ITAT Bangalore held that merely for the reason that the assignment agreement is not registered, the actual outflow from the hands of the assessee towards acquisition of the property cannot be ignored for computing the capital gains.

Facts-

The assessee is a non-resident individual working in Netherlands. The case was selected for scrutiny. The assessee being an eligible assessee as per the provisions of section 144C of the Act, the AO completed the assessment u/s. 143(3) r.w.s. 144C by issuing a draft assessment order in which an addition of Rs.52,89,346 was made towards capital gains. Aggrieved, the assessee filed its objections before the DRP, who confirmed the said addition. AO in the final assessment order considered the correct indexation value of the year of acquisition and revised the addition to Rs.64,60,469. The assessee is in appeal before the Tribunal against the final order of assessment in accordance with the directions of the DRP.

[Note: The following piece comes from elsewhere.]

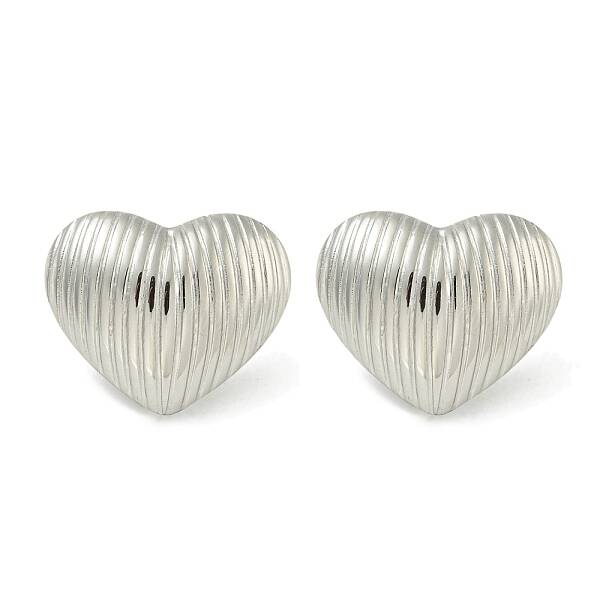Non-Tarnish Heart Ion Plating(IP) 304 Stainless Steel Stud Earrings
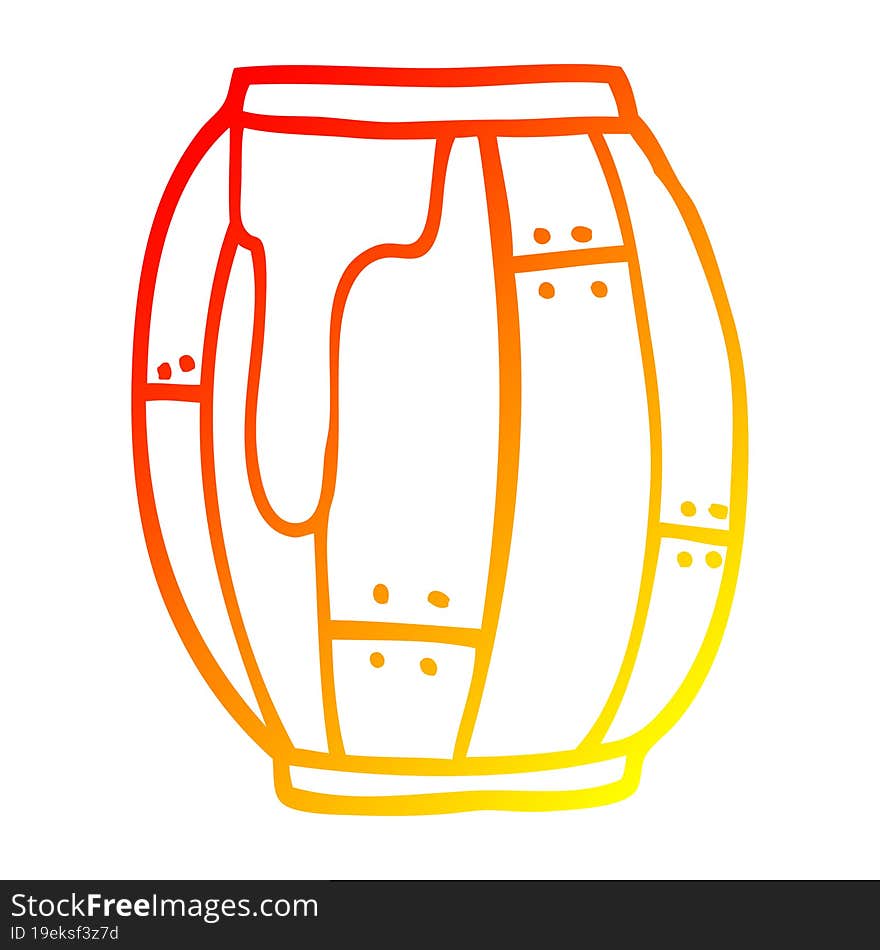 warm gradient line drawing cartoon barrel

The only issue contended in this appeal through various grounds raised by the assessee is the cost of acquisition considered by the AO at Rs.49,08,340 as against Rs.70,00,000 considered by the assessee while computing the capital gains.

Conclusion-

Held that we see merit in the argument that merely for the reason that the assignment agreement is not registered, the actual outflow from the hands of the assessee towards acquisition of the property cannot be ignored for computing the capital gains.

It is further noticed that the assessee has claimed several items towards cost of improvement for which bills and invoices were submitted before the AO. However, the breakup of the amount considered by the AO as of acquisition i.e.Rs.40,94,980 is not available on record and the reference given in the assessment order also does not provide any clarity on how this amount is arrived at. In view of this discussion we remit the issue back to the AO for arriving at the cost of acquisition with proper breakup. The AO while doing so is directed to consider the actual amount paid by the assessee as per the Assignment Agreement including amounts paid to L& T and stamp duty based on evidences / supporting documents submitted in this regard. The AO is also directed to verify the bills and documents with regard to cost incurred towards brokerage of Rs.1,55,000, interiors, painting etc., and consider these amounts for the purpose of arriving at the capital gains in accordance with law. Needless to say that the assessee may be given an opportunity of being heard.

FULL TEXT OF THE ORDER OF ITAT BANGALORE

This appeal is against the final order of assessment passed u/s. 143(3) r.w.s. 144C(13) of the Income-tax Act, 1961 [the Act] dated 14.7.2022 for the assessment year 2019-20.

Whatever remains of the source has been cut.